SANGER: In 2005, somebody started codifying the policy on what they call “reliable sources” and started writing a number of different rules about what should be used in terms of sources. In 2018, an editor called MrX made a color-coded list of lots of different news sources, and it just grew. Green means a source can be generally cited in Wikipedia’s own voice as a source of statements of fact. Yellow generally meant it could [possibly] be used unless [there is] something better. And then there’s gray, which has a special status where you cannot even link to the site at all.
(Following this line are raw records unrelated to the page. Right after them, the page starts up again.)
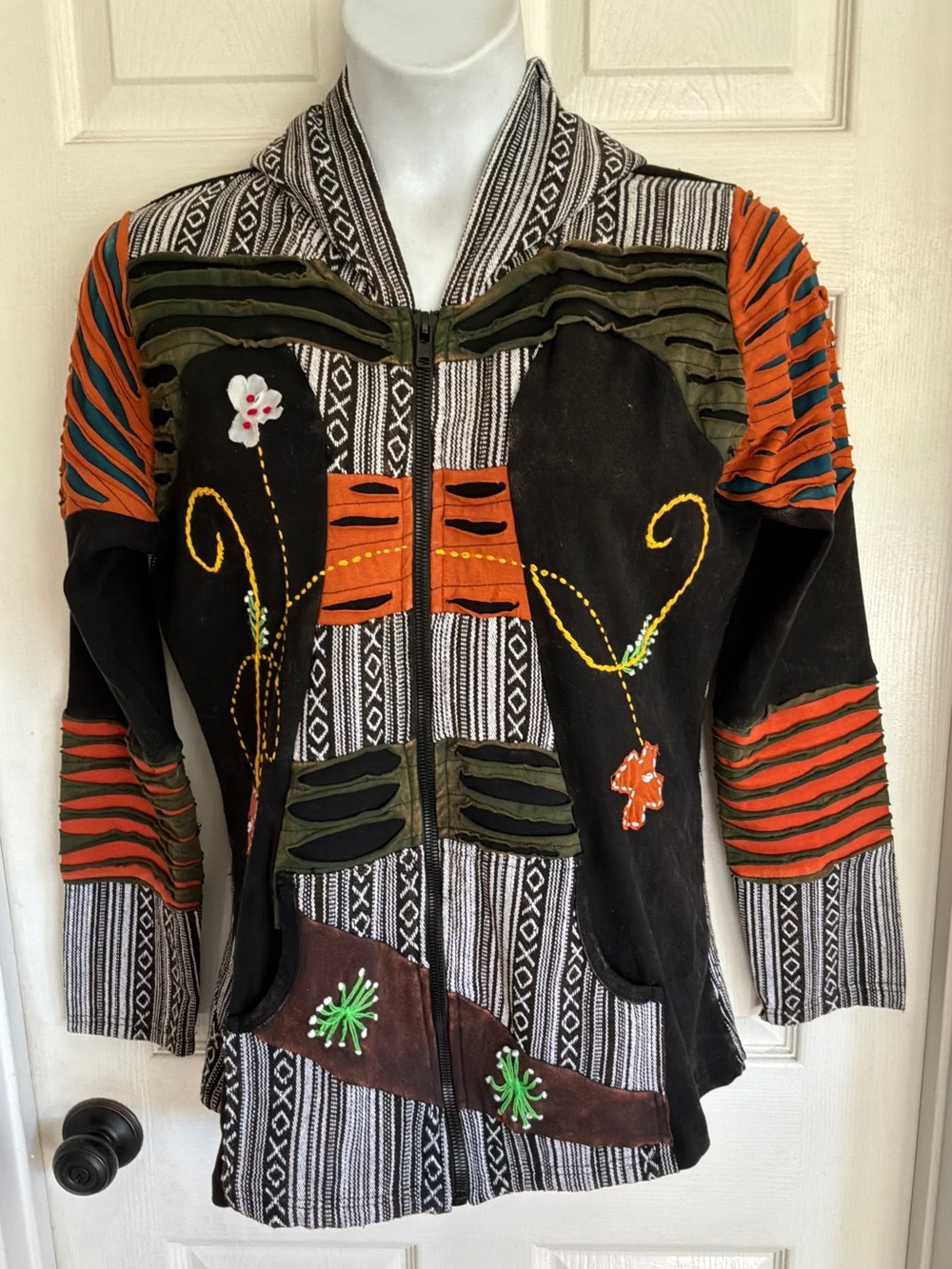 RISING INTERVIEW …Embroidered Zip-Front Hoodie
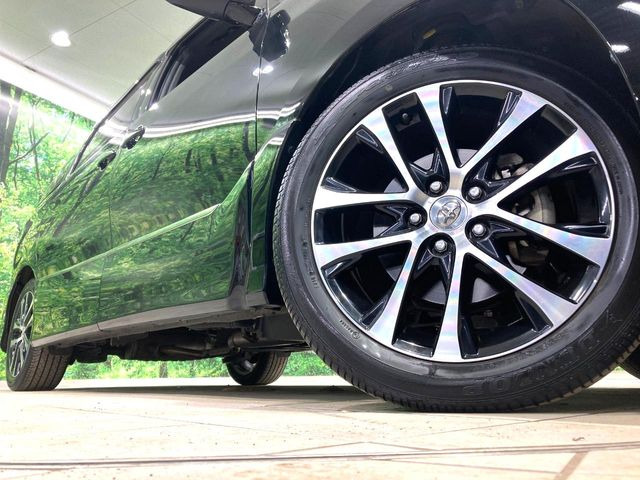 �y����18�C���`�A���~�z�C�[���z�O�ςɃ}�b�`���������A���~�z�C�[���𑕒����Ă���܂��B�e��ЊO�A���~�z�C�[����A�X�^�b�h���X�^�C�����戵�����Ă���܂��B���񂲑��k����������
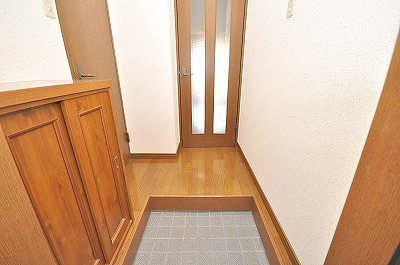 東海ビル  玄関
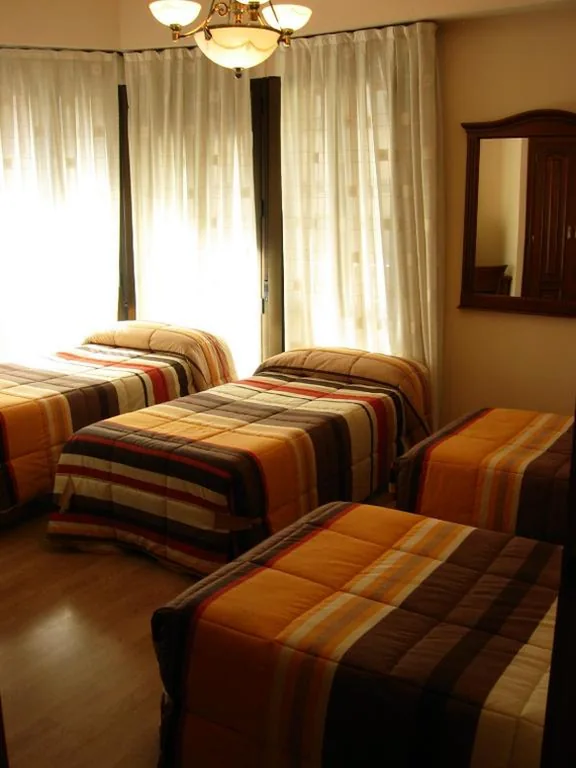 Familienzimmer mit Balkon — Hostal Granada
RINDSBERG: So you have something like OpIndia, which is generally barred from being used as a source on Wikipedia. However, Chinese state-owned outlet China Daily is coded yellow for sometimes reliable. And Al Jazeera, which is effectively controlled by the Qatari government, is green. It’s generally reliable. And that’s OK if you want to make that decision, but I don’t understand how you can square these three different categorizations.

UKRAINE – 2021/10/31: In this photo illustration a Wikipedia logo is seen on a smartphone screen with a flag of China in the background. (Pavlo Gonchar/SOPA Images/LightRocket via Getty Images))

SANGER: Right. It’s very clear looking at that [Reliable Sources] page that the Wikipedia editors have declared a favored point of view. It’s definitely no longer a neutral point of view. I mean, they take strong stands against Hindus and Christians as it happens. And of course, against ethnic Jews when they’re defending Israel.

RINDSBERG: Let’s go skip down to who actually runs Wikipedia. I would say 99% of people who use Wikipedia have no idea that this is the case, but there are certain elite users or power users who exert a huge influence on not just the website, but on information today. Can you expand who these people are?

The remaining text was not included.